PhD Student, Department of Sociology
“Extremism is definitely a problem that doesn’t impact just individuals. It impacts all of us when it happens.”
Preston has been a soccer coach, food bank worker and a workplace rights activist, but the volunteer work that’s touched her most was the time she spent at a nursing home. “I would go around and talk, sometimes for hours on end, to people who were feeling a little bit lonely,” she says. “About their lives, their interests… I learned so much about the importance of older generations, the importance of community, which I take with me to this day.”
Fredericton-born Preston comes to U of T from Dalhousie University, where she completed her MA in sociology—reaching the finals of the 2019 SSHRC Storyteller competition.

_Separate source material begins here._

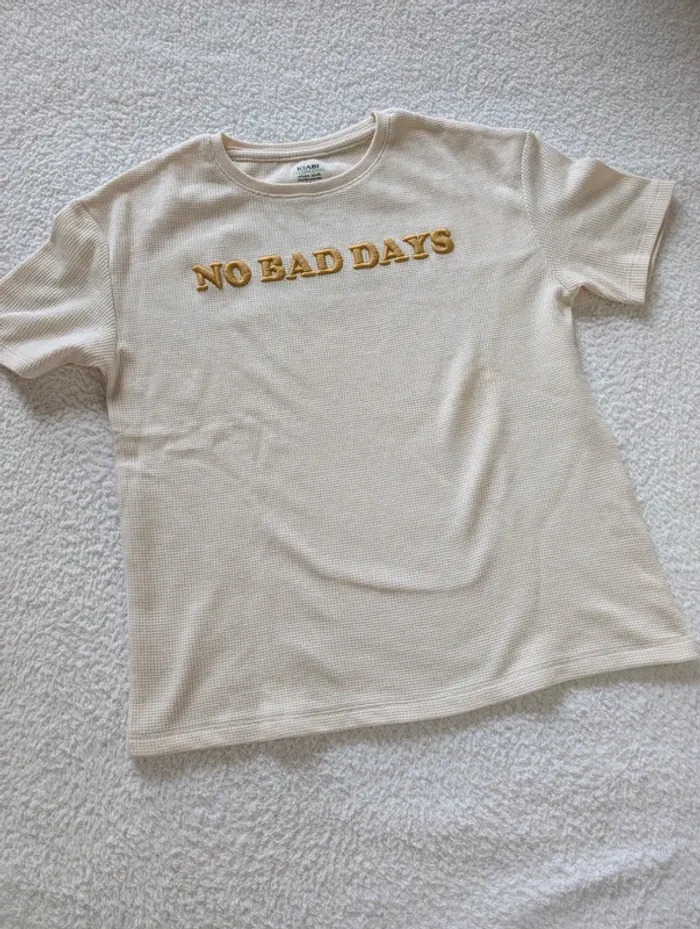 💛 T-shirt Kiabi - 10 ans - photo numéro 2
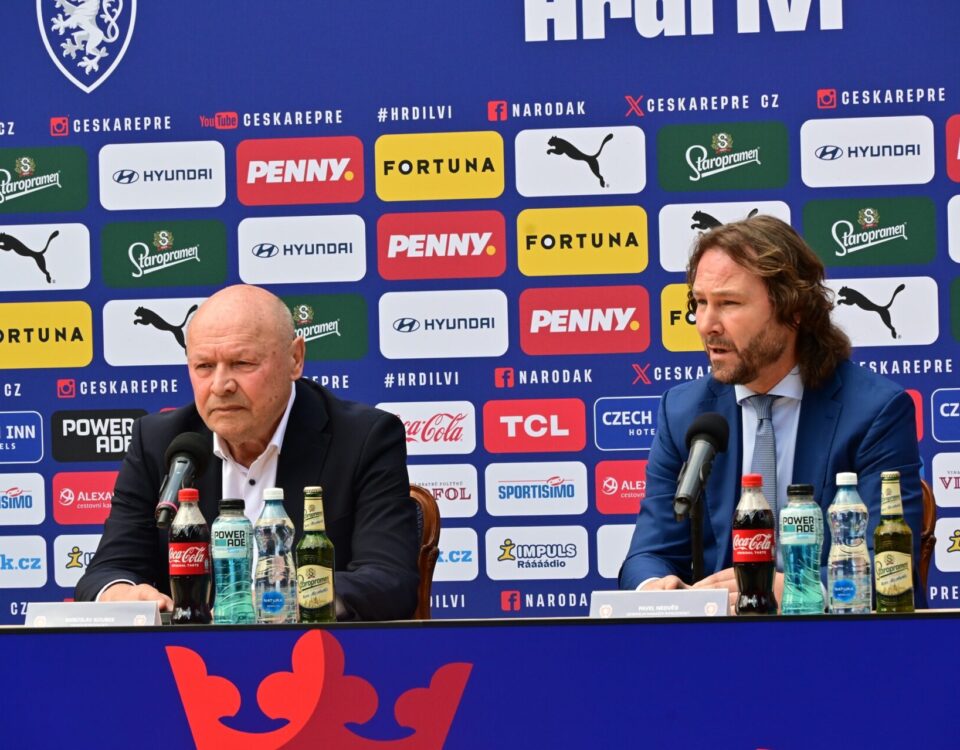 Trenér Miroslav Koubek a manažer reprezentace Pavel Nedvěd na tiskové konferenci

In her doctoral work, she plans to build on her research into how people leave right-wing extremist groups in Canada by investigating effective ways to prevent radicalization and help those who have been involved in extremism.
“Extremism is definitely a problem that doesn’t impact just individuals. It impacts all of us when it happens,” she says. “I believe deradicalization is definitely bringing people back into the community.”
“Winning the scholarship has given me a lot of peace of mind, financially,” says Preston. “But also it felt good to be recognized by Arthur and Sandra as a scholar worth investing in, and who will hopefully be able to work with partners in the Atlantic provinces to help my community there. I’m also looking forward to being part of the Naylor community, and I thank Arthur and Sandra for bringing the East Coasters in Toronto together.”